After toying with Audacity for a while and figuring out this awesome feature called “noise removal”, which has been quite helpful once I discovered it, I decided to try the effect out for music. However, it turned out it does not work that great for music, which is sad, but understandable, because of the complexity of the audio track.
Then, I started to wonder, if it is possible to separate loops from audio tracks. Obviously, if a track contains lots of other sounds on top of the loop, removing a loop from a song does not work that well, if at all, but imagine an audio track that has a mere loop at the beginning and then the loop plays almost throughout the whole song with some additional instruments. Here is the track, from which I’d like to remove the loop from: http://www.youtube.com/watch?v=lksNIHjYjSY
And yes, I know, the game is quite bad, but the music is pretty cool.
If the filters were perfect, then, sure, we could take anything out of anything. But they’re not. There are techniques to remove and separate all kinds of things, but nobody would mistake the result as a desirable music performance. One problem is the main performance hitting the same notes by accident that the loop has. They both go leaving holes in the show.
The reason music doesn’t work so well has nothing to do with the complexity of the waveforms or data. One of the Noise Removal tricks to keep voices from turning into trash is stop removing noise during vocals. Audacity thinks a continuous musical performance is one voice and stops removal. You can reduce Smoothing to zero and see what it’s going to sound like then. It’s usually not very pretty.
If I have some red paint and some blue paint in a bucket, and I stir the bucket clockwise, then I will end up with a bucket of purple paint. So if I then stir the purple paint anti-clockwise, the purple pain will separate out into red paint and blue paint Umm… no that does not actually work.
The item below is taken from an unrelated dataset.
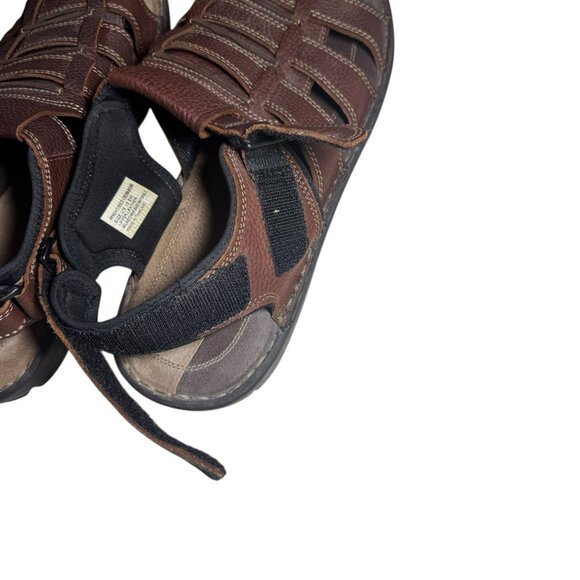 Hush Puppies Cross-Shore Sandals Men 15EW Fisherman Leather Brown Hook Loop Wide main image 4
Once the red paint and blue paint are mixed together they stay mixed together and no amount of “reverse stirring” will separate them.
Very nice analogy Steve.
Nevertheless, programmers and scientists are still trying to separate the two colours - even if they have to pick them pigment by pigment (a little easier if one would be magnetic…).
If the loop were really constant throughout or we had the original loop, your demand could be fulfilled - by spectral substraction.
The next best is to remove the center (with drum and bass mostly) and keep the right channel, where the melody dwells.
You can try it yourself by downloading this plug-in: https://forum.audacityteam.org/t/karaoke-rotation-panning-more/30112/1
(Place it in the Audacity Plug-in folder and restart Audacity - it will be found in the effect menu “2D Stereo Toolkit”)
Simply choose “Remove Center”.
You can then split to mono (track drop-down menu) and remove the left (upper) track.
More isn’t possible - as far as I know.